> [Instructions to follow]:
Exact copy, no pictures: repeat the data that follows.
Stored data Start Marker
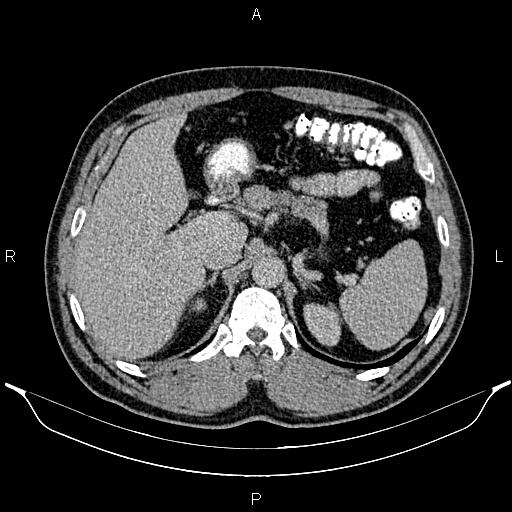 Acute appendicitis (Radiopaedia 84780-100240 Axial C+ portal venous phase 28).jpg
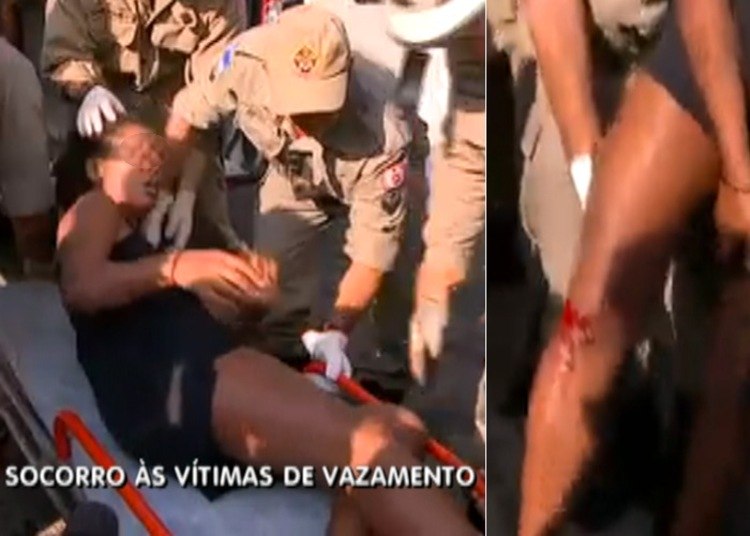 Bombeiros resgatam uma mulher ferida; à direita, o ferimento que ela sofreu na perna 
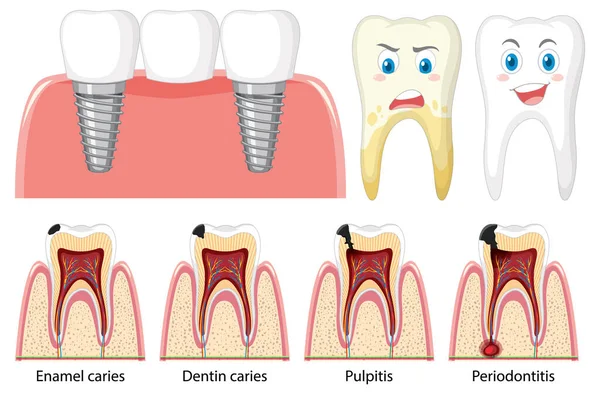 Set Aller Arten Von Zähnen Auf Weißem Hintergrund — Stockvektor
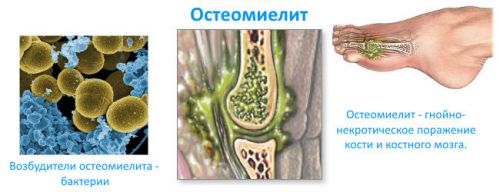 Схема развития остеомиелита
Stored data End Marker
> [Task result]:
 Acute appendicitis (Radiopaedia 84780-100240 Axial C+ portal venous phase 28).jpg
 Bombeiros resgatam uma mulher ferida; à direita, o ferimento que ela sofreu na perna 
 Set Aller Arten Von Zähnen Auf Weißem Hintergrund — Stockvektor
 Схема развития остеомиелита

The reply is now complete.